NOVA YORK - A Operação Xeque-Mate da Polícia Federal é a última "de uma série de escândalos com nomes teatrais que vêm dominando as manchetes no Brasil e manchando a imagem do presidente Luiz Inácio Lula da Silva", relata em sua edição desta terça-feira o diário americano The Los Angeles Times.

Ainda assim, o jornal observa que Lula, reeleito no ano passado com uma grande votação, "é às vezes chamado de presidente-Teflon, por causa de sua capacidade de se livrar dos escândalos".

- Lula, como a maioria dos políticos brasileiros, chegou ao poder prometendo atacar a corrupção arraigada. Esse objetivo se mostrou um trabalho de Sísifo, porém, em uma nação onde o suborno parece impregnado no sistema político, custando bilhões anualmente aos contribuintes com concorrências fraudadas e outras práticas ilícitas - diz a reportagem.

O jornal relata que "desde que Lula tomou posse, em 2003, escândalos com nomes como Hurricane, Anaconda, Vampiro e Dossiegate derrubaram centenas de funcionários públicos - juízes, membros do Congresso, policiais e quatro membros do ministério".

Para o Los Angeles Times, "os escândalos vêm e vão como os últimos lançamentos no cinema".

- Com cada escândalo, conversas telefônicas grampeadas, vídeos clandestinos, dados bancários e inventários de buscas judiciais são vazadas para a mídia - diz o jornal, afirmando que, apesar de muitos políticos acabarem perdendo o cargo, "um sistema judicial ineficiente garante que a maioria escape da prisão".

A reportagem comenta que "nenhum escândalo até agora atingiu Lula pessoalmente", mas avalia que "os subornos podem prejudicar os objetivos de Lula para o segundo mandato".

- A queda de políticos aliados ameaça debilitar a aliança governista. Fraude em obras públicas podem enfraquecer o projeto de Lula para investimentos em infra-estrutura, cujo objetivo é estimular o crescimento - conclui a reportagem.

Os escândalos também são tema de reportagem do jornal argentino Clarín, que cita a imprensa brasileira para afirmar que "o irmão e o amigo do presidente brasileiro serão denunciados pelo Ministério Público como integrantes de uma 'poderosa organização criminosa'".

- Genivaldo da Silva, conhecido como Vavá, irmão mais velho de Lula, será acusado de 'tráfico de influências e exploração de prestígio' em favor do dono de várias casas de bingo e de empresários interessados em obter contratos relacionados com o Estado brasileiro - relata a reportagem.

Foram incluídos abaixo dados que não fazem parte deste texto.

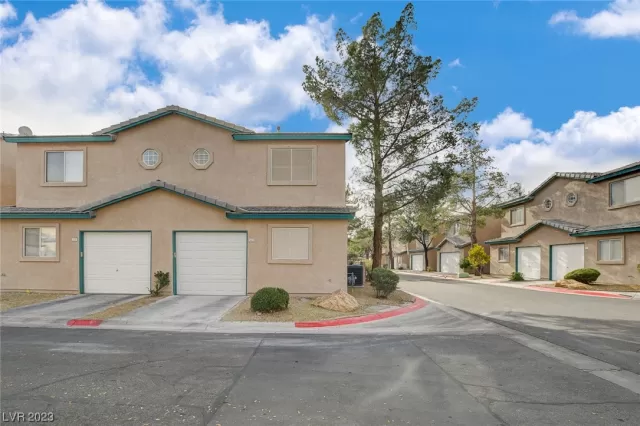 MLS: 2548477 Condo For Sale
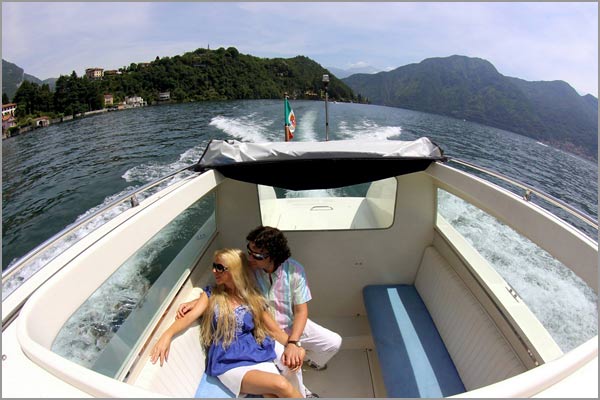 wedding-boat-trip-on-lake-Como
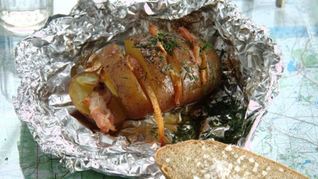 Картофель с беконом в фольге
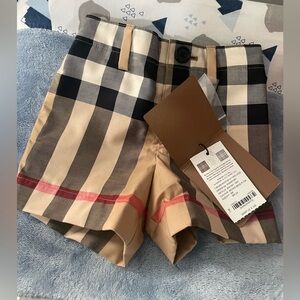 Burberry shorts 6 months never worn
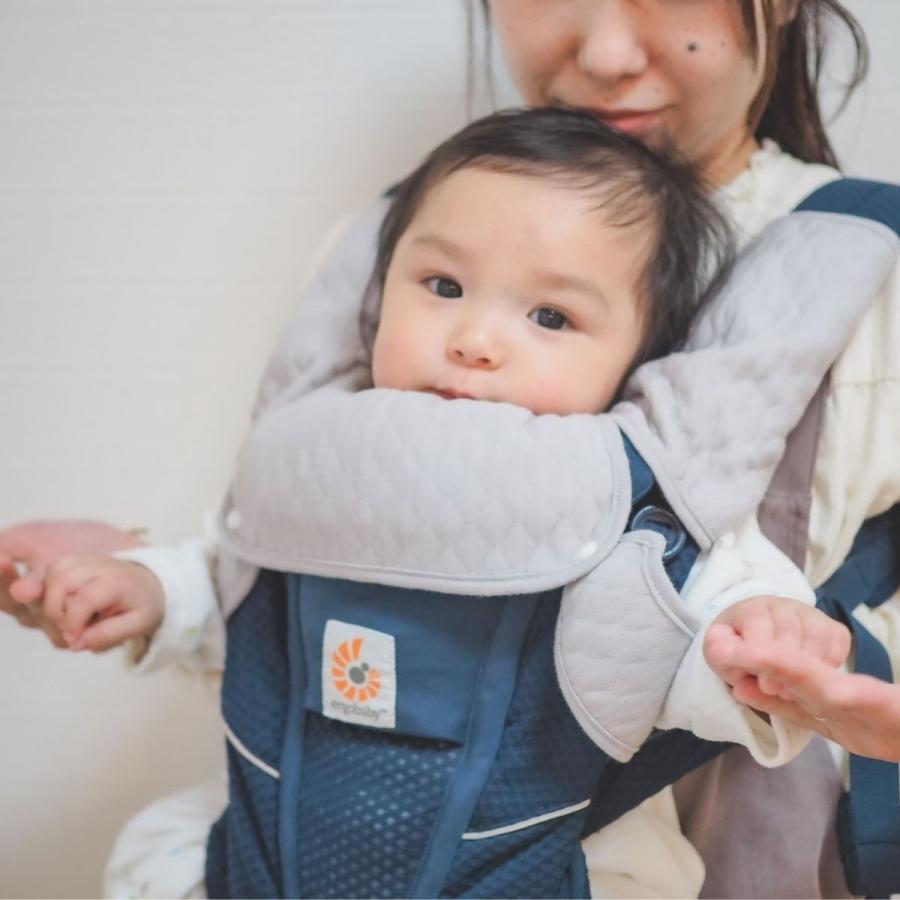 抱っこ紐 よだれカバー 防水 シンプルで可愛いデザイン エルゴ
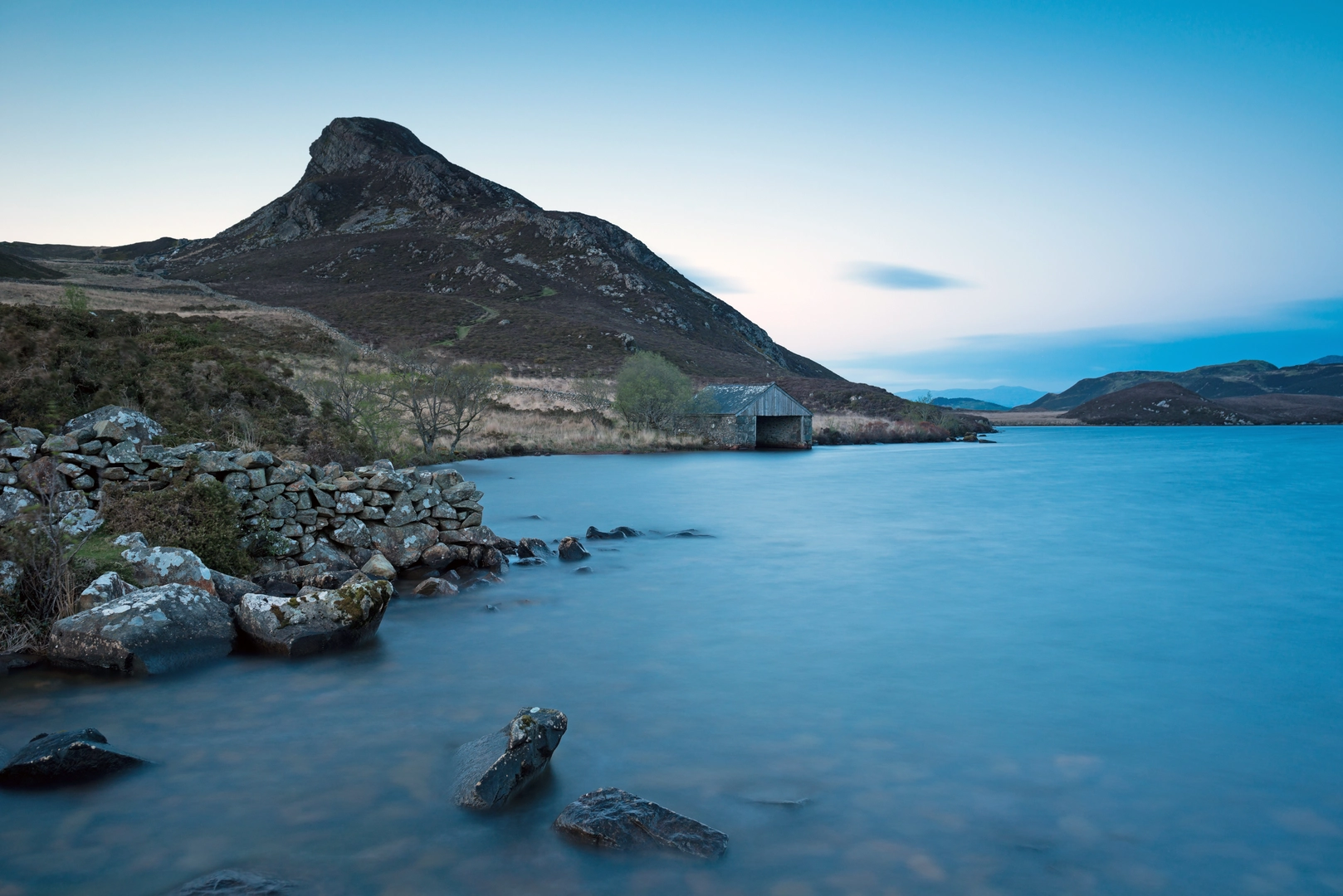 An image depicting the trail Idris Loop from Minffordd and its surrounding area.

O jornal observa que "na operação Xeque-Mate foi descoberta uma ampla rede criminosa da qual faziam parte empresários, autoridades e policiais: duas de cada três delegacias da cidade de São Paulo, a maior do Brasil, teriam recebido subornos para deixar funcionar máquinas caça-níqueis, proibidas".

A reportagem diz ainda que nos autos apresentado pela Polícia Federal ao Ministério Público "se afirma que, apesar de o nome do presidente Lula ser citado em algumas das 617 gravações realizadas pelos investigadores, em nenhum caso ele é associado com algum delito".